Noch in unguter Erinnerung ist das Starkregenjahr 2007, wo es nach Pfingsten bei Radewege zu canyonartigen Ausspülungen auf den Feldern kam. Schlammlawinen ergossen sich in den vom Marzahner Fenn kommenden Russengraben. Außerdem wurden bei Sturm zahlreiche Kiefern auf den bewaldeten Anhöhen zwischen der Radeweger Feldmark und dem Marzahner Fenn entwurzelt. Quelle: Helga Ullrich

Wie Ortschronistin Arndt herausfand, mussten schon die Altvorderen immer wieder mit schlimmen Wetterkapriolen leben. Überliefert ist zum Beispiel der 13. Juli 1763. Ein schweres Gewitter mit Hagelschlag suchte die ganze Gegend heim. Gerste, Hafer und Buchweizen wurden aufs „furchtbarste zerschmettert“. Hagelkörner, so groß wie Taubeneier, schlugen die Fenster in den Häusern entzwei. Schon vier Jahre später machte wieder ein starkes Gewitter das Wintergetreide rund um die Pählbrücke platt. Ein heftiger Sturm ließ 1833 den Gemeindelämmerstall einstürzen. Am 24. September 1834 wurde in Radewege der erste Frost gemeldet. Katastrophal war das Jahr 1865 . Nach scharfen Frösten gab es ein trockenes Frühjahr und einen Dürresommer. Wie aus den Wetteraufzeichnungen des Radeweger Dorfschullehrers und Ortschronisten Max Werdermann (1880-1914) zu ersehen ist, konnte kein einziger Bauer seine Scheunen füllen. Die Folge jeder Missernte waren Hungersnöte. Für die Tiere fehlte Futter.

Nach den Überflutungen 2007 wurde vor der nördlichen Siedlungskante Radeweges mit großem Aufwand ein System von Rückhaltebecken und Dämmen errichtet. Die Bauwerke sollen das von den Hängen des Molkenberges kommende Oberflächenwasser aufhalten. In diesem Sommer hat es funktioniert. Quelle: F. Bürstenbinder

Auch dass die Bauern nicht auf ihre Wiesen kommen, ist kein neues Phänomen. Von Juli bis August 1854 steigt die Havel wegen des andauernden Regens. Die Niederungsgebiete zwischen Brielow und Radewege werden zu einer Zeit überflutet, als die Wiesen abgemäht werden sollen. Das Gras fault im Wasser. Es wird nur wenig Heu für das Vieh geerntet. Dagegen war 1911 ein solch trockenes Jahr mit 35 Grad, dass viele Brunnen in den Beetzseedörfern nicht mehr genügend Wasser gaben.

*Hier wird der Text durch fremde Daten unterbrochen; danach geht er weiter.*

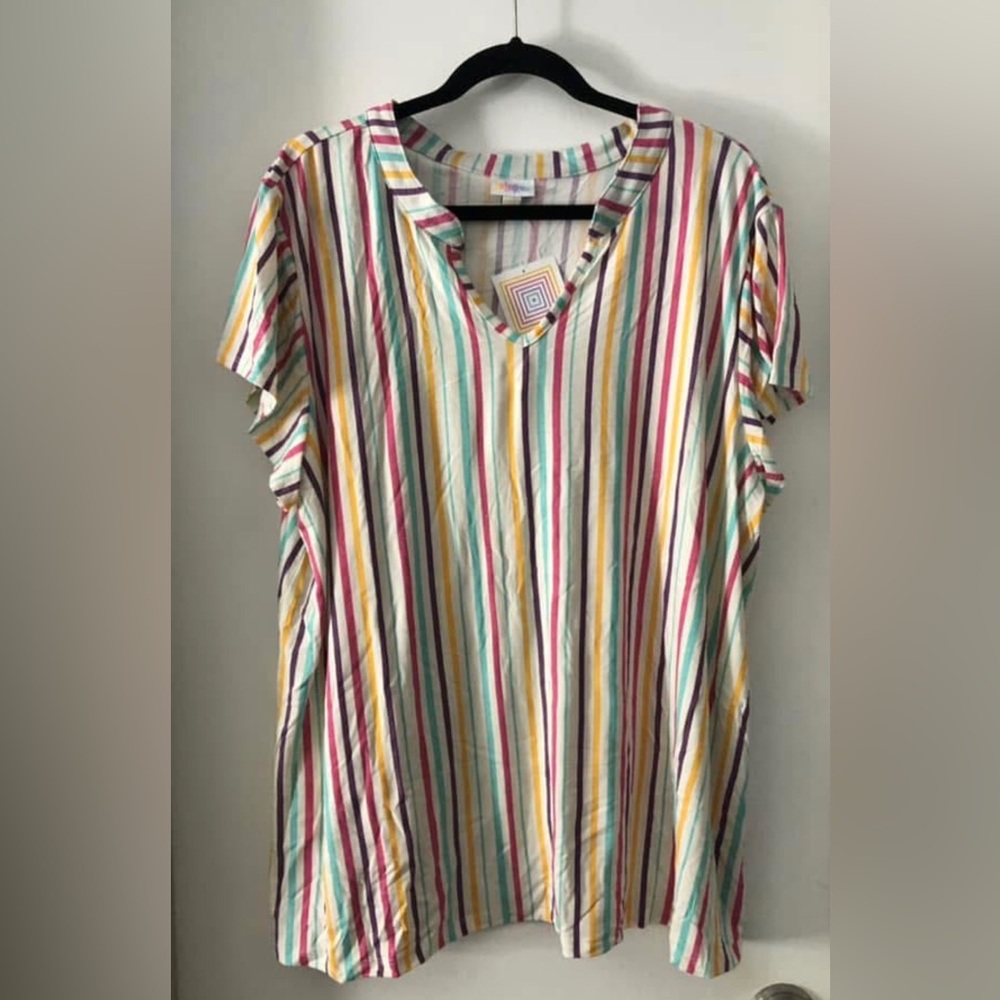 New with tags Lularoe Layla top size 3x.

Diese Reihe ließe sich bis in die Gegenwart fortsetzen. So sorgten Gewitterfronten, Sturmtiefs, Dürreperioden und Hochwasser in den 1980er, 1990er und 2000er Jahren regelmäßig für Schlagzeilen. So wurde von 1987 als dritter kalter Winter in Folge berichtet. Es gab Hochwasser und den schlechtesten Sommer seit 20 Jahren. Nachrichten, die einem bekannt vorkommen. „Wetterkatastrophen hat es schon immer in unserer Region gegeben. Doch scheint die Dichte und Fülle der Extreme zuzunehmen“, vermutet Gerda Arndt. Für die Ortschronistin wird es noch manche Seite über das Wetter zu füllen geben.